フィルターを怠ると「清潔な水を保てる」というメリットが丸ごと崩れる。循環式の価値がフィルターの機能にかかっているのに、そのフィルターを放置するというのは最悪のパターンだった。
ランニングコストを整理するとこうなる。
| 項目 | 月額 |
|---|---|
| フィルター代(目安月1枚) | 約300円 |
| 電気代(公式:約16円/月) | 約16円 |
| 合計 | 約316円/月(年間約3,800円) |
普通のお皿は洗剤代くらいしかかからないので、コストは実質ゼロに近い。
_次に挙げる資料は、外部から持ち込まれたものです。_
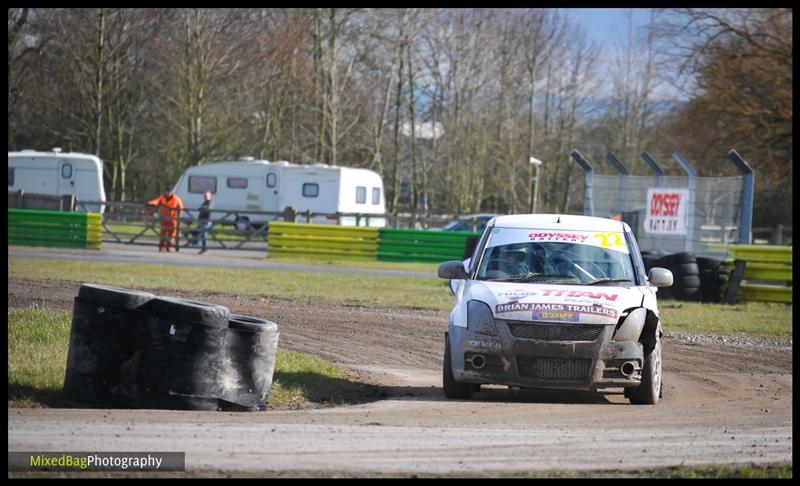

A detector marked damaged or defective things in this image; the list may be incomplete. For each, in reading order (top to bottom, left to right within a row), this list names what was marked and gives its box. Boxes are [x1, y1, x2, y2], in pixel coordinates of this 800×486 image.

damaged front bumper [450, 318, 644, 392]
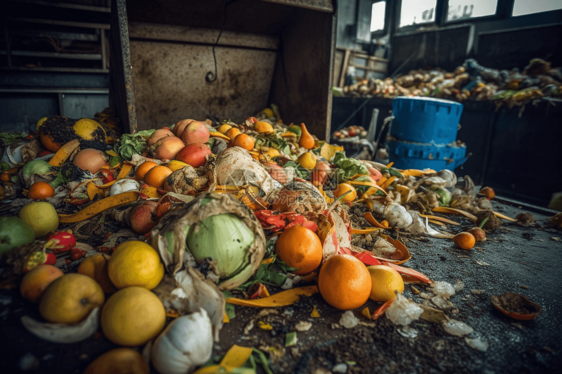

月300円を惜しいと感じるかどうかは人それぞれだが、「コスパで選ぶ」なら普通の器の方が安上がりだ。
動作音が気になる時間帯の話
1LDKでリモートワークをしていると、昼間は仕事の音で気にならない。問題は夜だ。
寝室と水場の距離が近い場合、循環式のモーター音が静かな夜に聞こえることがある。うちの場合、水場をキッチンに置いているが、就寝後にモーターの「ブーン」という低音が断続的に耳に入ることがあった。最初の1週間は少し睡眠が浅くなった。
購入する前に「静音」という言葉を信じすぎた。確かに大きな音ではないが、絶対的な静寂が好みの人には気になる音量だと思う。特に1LDKは水場と寝床の距離が近くなりがちなので、この点は購入前に考えておいた方がいい。
慣れると気にならなくなったが、購入直後の数日は「これは失敗だったかもしれない」と思った。
置き場所の問題
電源コードが必要なため、置く場所がコンセント付近に限定される。うちの1LDKでは、むぎが水を飲みやすい場所とコンセントの位置がかみ合わず、コードが少し見える状態になっている。コードに興味を持つ猫は噛む可能性があるため、コードを噛まないむぎで助かったが、コード管理は注意が必要だ。
コードレスポンプタイプも今は出回っている。充電式でコンセント不要なので置き場所の自由度が高い。次に買い替えるとしたらコードレスを選ぶと思う。
普通のお皿と循環式、それぞれに向いているケース
1年間使い比べて、向いている状況と向いていない状況が見えてきた。
循環式が向くケース
- 普通の器で飲水量が少なく、健康面での不安がある
- 飼い主が頻繁に水を替えるのを忘れがちな生活リズム
- 猫が流れるものへの興味が強い(蛇口の水に近寄る行動がある)
- メンテナンスを週1でこなせる性格・生活環境
むぎは循環式の方が合っていた。飲水量が増えた点は実感できたし、蛇口の水に興味を持つタイプだったこともある。
普通の器が向くケース
- 毎日こまめに水を交換できる環境と習慣がある
- 猫がメカへの警戒心が強く、新しいものへの慣れが遅い
- 飼い主がメンテナンスを週1で続ける余裕がない
- 静音環境にこだわりがある
ただ、仮にメンテナンスを怠り続けるならば、汚れた循環式より毎日交換する普通の器の方がマシだとも思っている。管理できない機材は持たない方がいい場合もある。
どちらにも共通する「水の管理」の本質
循環式に替えれば自動的に水が清潔になるわけではない。フィルター交換・週1洗浄が前提で初めて機能する。管理を含めたトータルで「良い水を提供できるか」を考えると、器の種類よりも飼い主の習慣の方が重要かもしれない。
これは使い始めてから1年かかって気づいたことだ。

まとめ:どちらを選ぶかの結論
循環式に替えてむぎの飲水量は増えた。最終的には普通のお皿期間より約30〜40%多い水を飲むようになった。この変化は実感できる範囲にある。
ただし、以下も事実として伝えておく。
- 循環式への慣れには猫によって差がある(むぎは3〜4日かかった)
- メンテナンスを怠ると水質が落ちる可能性がある
- 動作音は静かな環境では気になることがある
- フィルター代など維持コストは年間約3,800円かかる
- コード管理と置き場所の制約がある
総合すると、「水をあまり飲まない猫に対して、週1メンテナンスを続けられる自信がある人」には循環式をすすめられる。そうでない場合は毎日の水替えを徹底する方が安全かもしれない。
うちはむぎに合っていたので続けているが、飼い始めに最初から入れる必要はなかったとも思っている。最初の半年で猫の飲水量を観察してから、問題があれば切り替えを検討するくらいでちょうどよかった。
水飲み器だけで猫の健康が解決するわけではないが、飲水量が少ないことが気になっている人には試す価値はある。少なくともむぎには合っていたし、変化が出るまでに1ヶ月かかったという点も含めて、焦らず様子を見ることが大事だと思っている。